The company said it is discussing further financing for the project with strategic investors and global service providers, particularly for the provision of services for its early production scheme and a performance bond to the Nigerian government.

According the to the Nigerian National Petroleum Corporation, companies wishing to buy and sell the country’s crude oil must “demonstrate their commitment to the oil industry through allocation of adequate resources of capital, equipment and manpower”. 

One of these conditions is the payment of a c$1.3 million (US$1 million) ‘performance bond’ to a Nigerian bank.

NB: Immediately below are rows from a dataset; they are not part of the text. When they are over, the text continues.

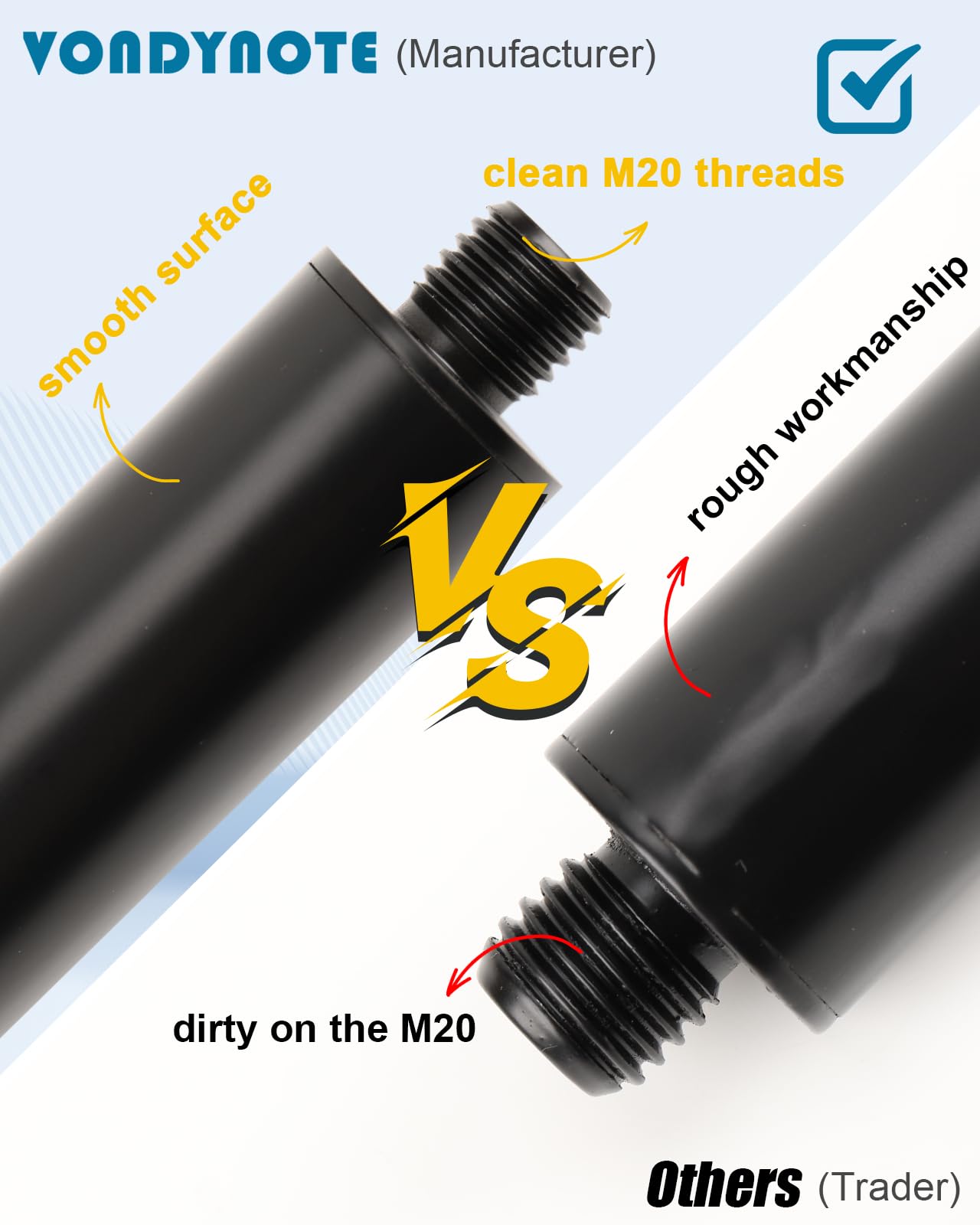2 Pack Adjustable Speaker Pole for Subwoofer - Compatible with M20 Threaded & 35mm Mount - Perfect for Home Theater, DJ Setup & Live Sound Systems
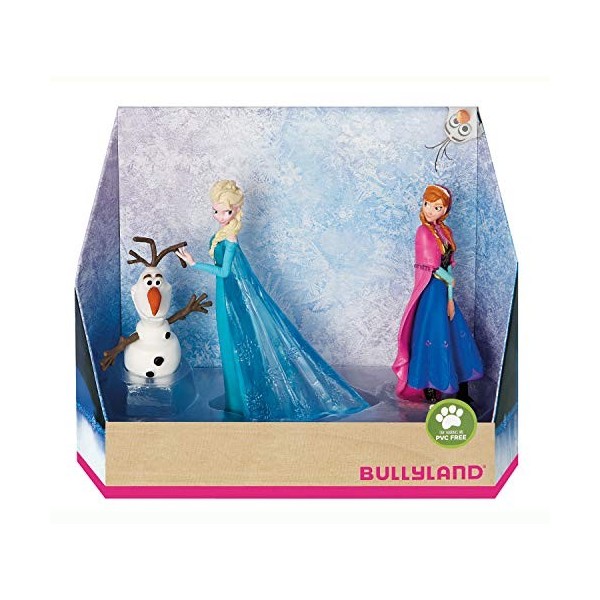 Bullyland 13446 - Set de figurines de jeu Princesse Elsa, Anna et Olaf de Walt Disney La Reine des Glaces, fidèles au détail,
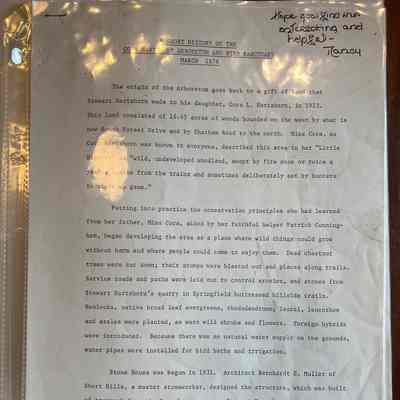 Arboretum: Short History of the Cora Hartshorn Arboretum and Bird Sanctuary- March 1976
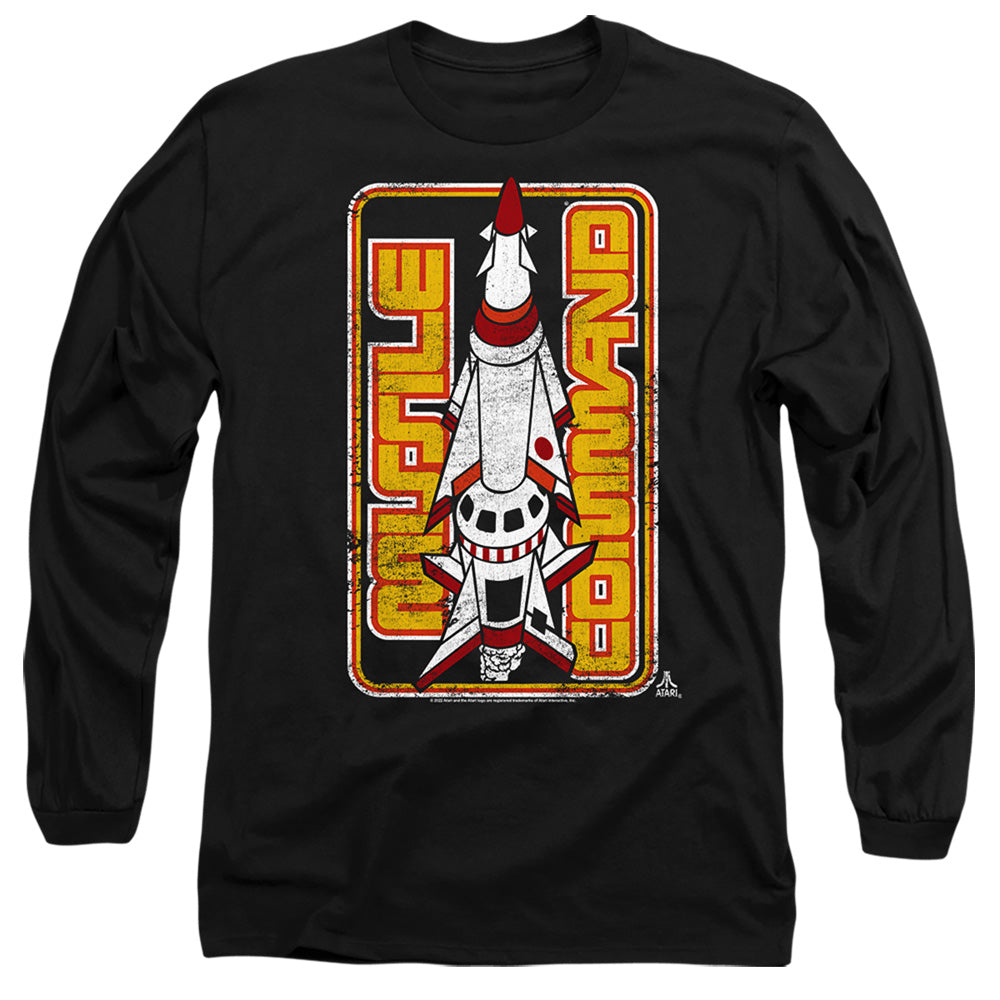 AN OFFCIALLY LICENSED ATARI MISSILE MEN'S LONG SLEEVE T-SHIRT BLACK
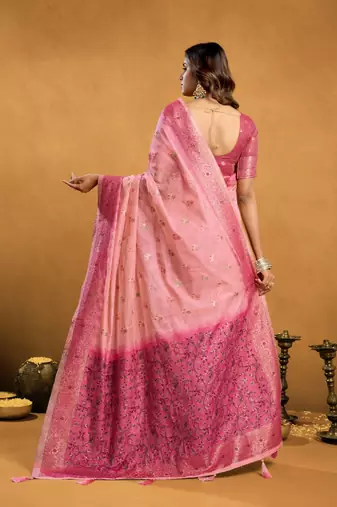 elegant premium spun cotton saree with rich pallu & zari jhallar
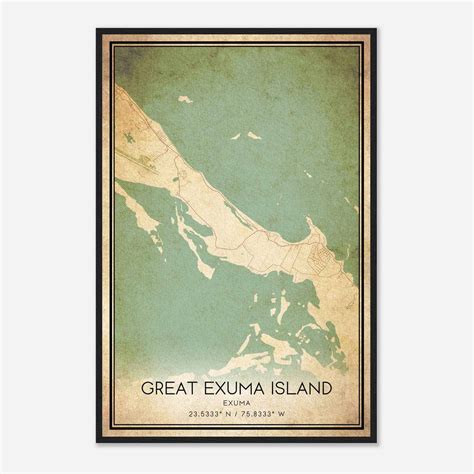 Vintage Great Exuma Island Exuma Map Poster, Great Exuma Island City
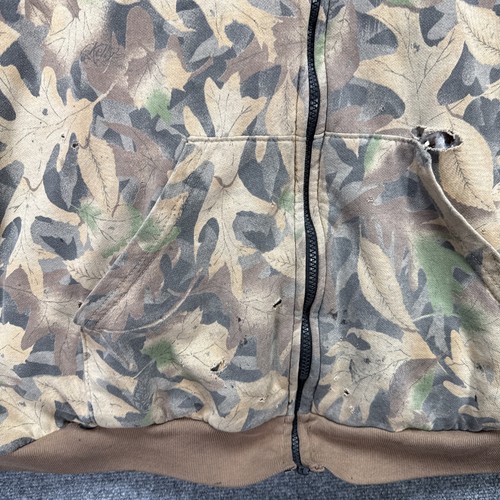 Sudadera con Capucha Camuflada Vintage Adulto 2XL Verde Años 90 Camuflaje Árbol Real Mussy Edredón Forrado - Imagen 6 de 10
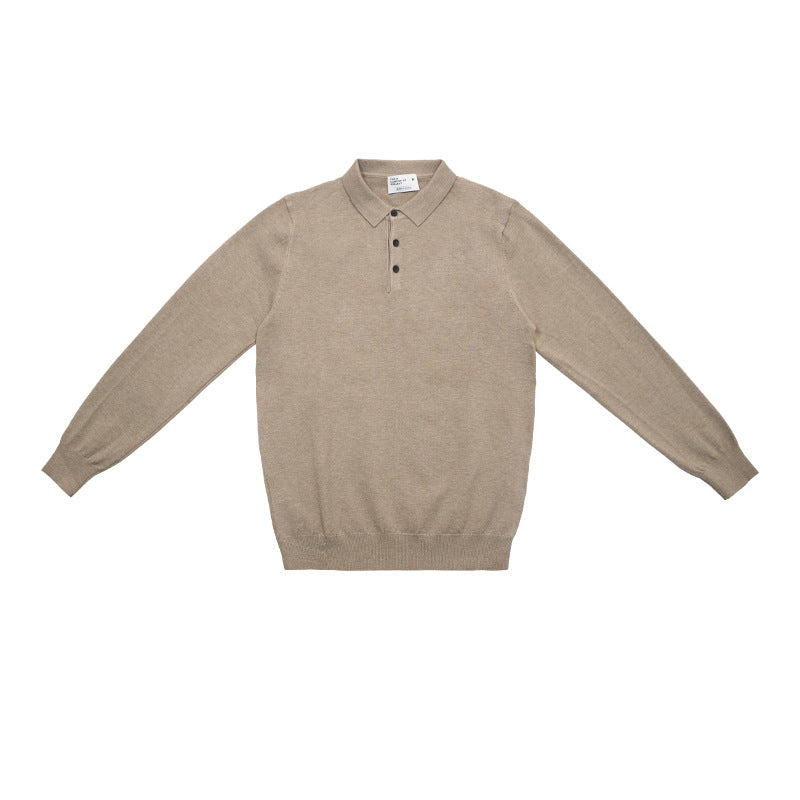 Fine Knit Long Sleeve Polo Shirt - Camel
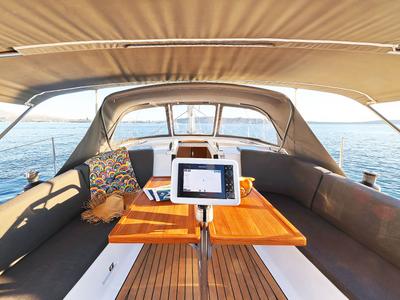 Cockpit of Amelie, a Hanse Yachts Hanse 360 sailboat at Grad Kaštela, Croatia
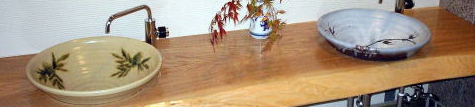陶芸手洗い鉢 のある風景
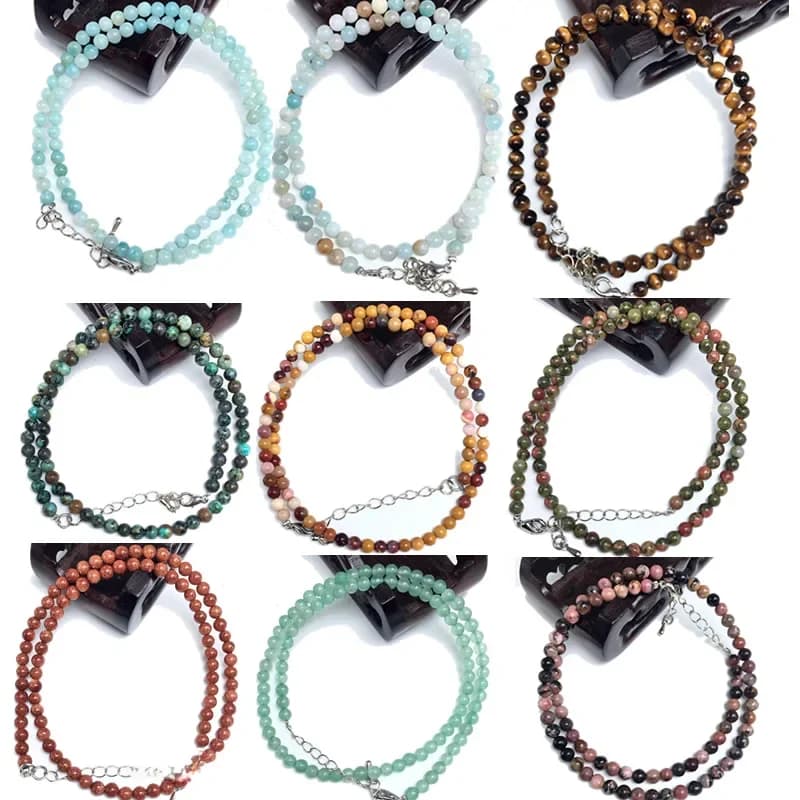Collier en pierre d'oeil de tigre Labradorite naturelle pour femmes, Agate, perles de 4mm, ras du cou, bijoux de mariée, cadeaux de fête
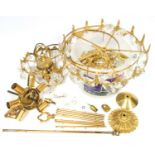 Brass circular part ceiling light fitting with swags bulb holders and prismatic drops, D. 38cm,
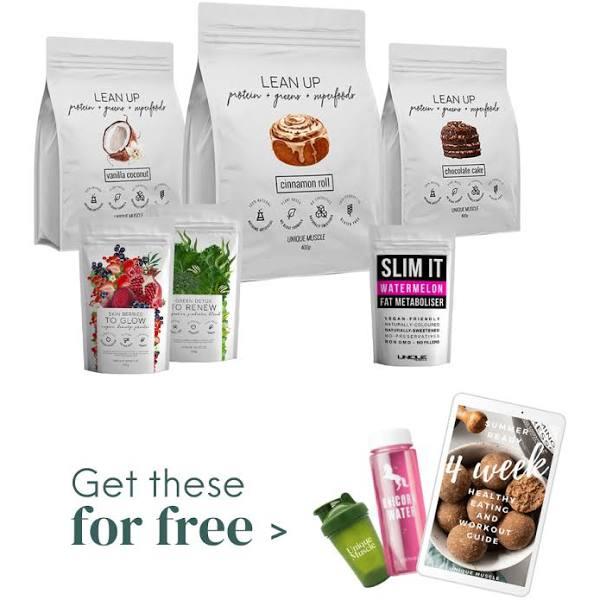 Ultimate Transformation Pack, Lean Up Vanilla Coconut + Chocolate Cake + Cinnamon Roll / Peach Iced Tea / Green Detox + Skin Berries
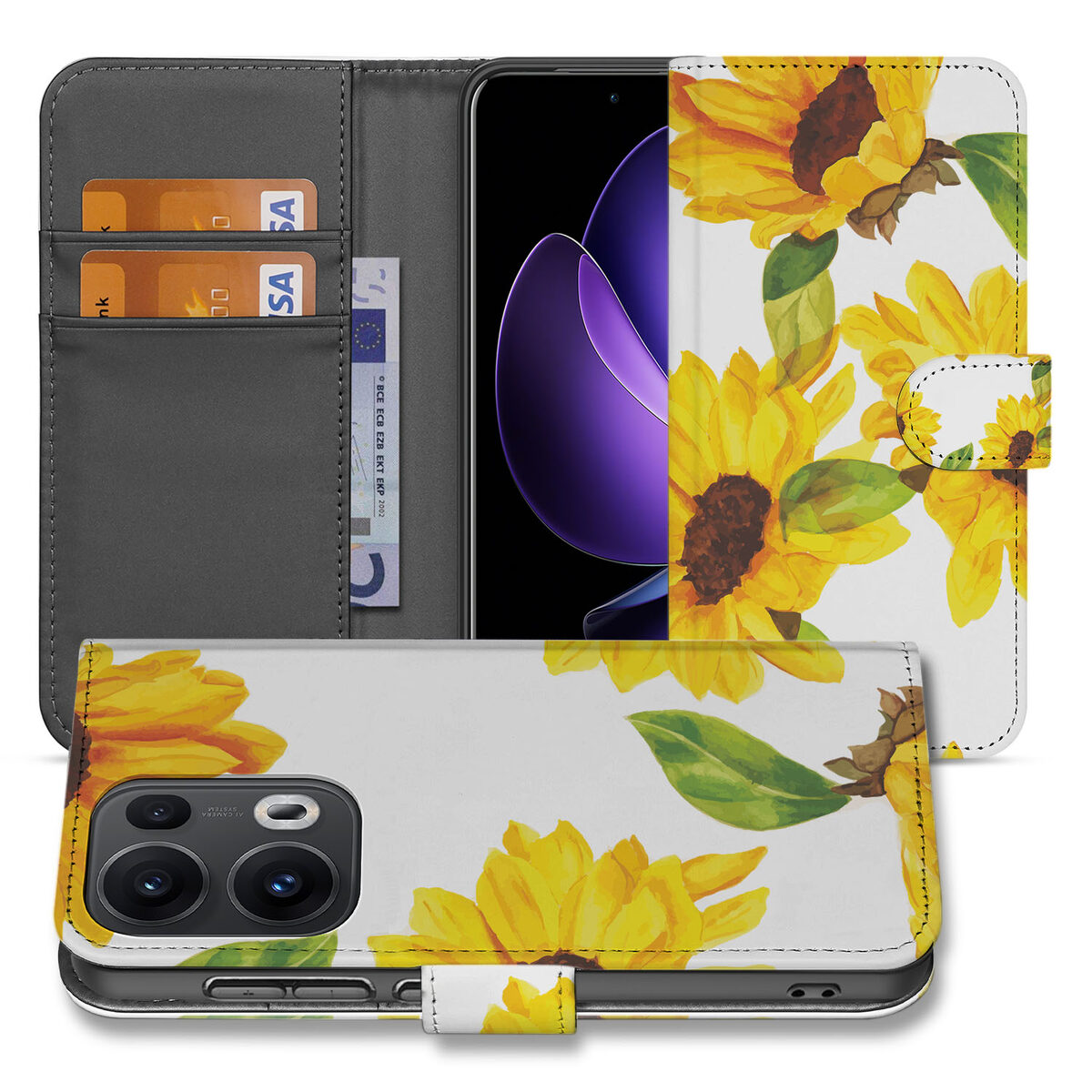 OPPO Reno 13 Pro Book Case ‘Zonnebloemen’ – Stijlvol Hoesje met Pasjeshoude
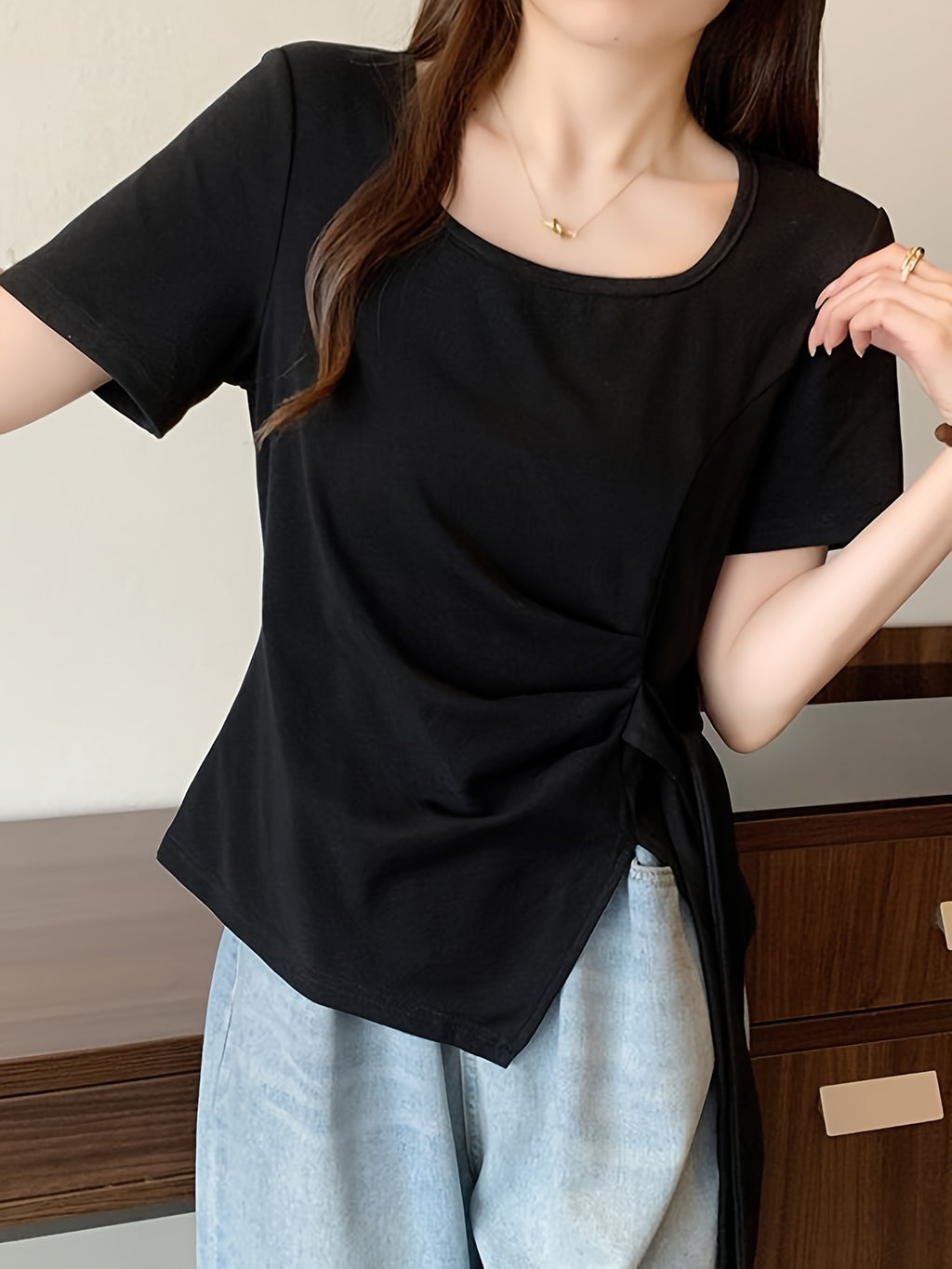 Women'S Light Blue Asymmetrical Short Sleeve Top with Tie-Waist Detail - Casual Summer Blouse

COPL’s project is located 50km offshore in the Niger Delta and is operated by Esser Exploration and Production Limited (Nigeria). 

The company owns an 80 per cent stake in Esser Nigeria via its JV company – Shoreline CanOverseas Petroleum Development Corporation – with Shoreline Energy International Limited.

A follow-up drilling program of two to three additional wells would commence after drilling the initial appraisal well, with the company wishing to bring three to four OPL 226 appraisal wells into production at an expected rate of 6,000 to 10,000 barrels per day.

There was no movement on COPL shares, which traded at half a cent per share.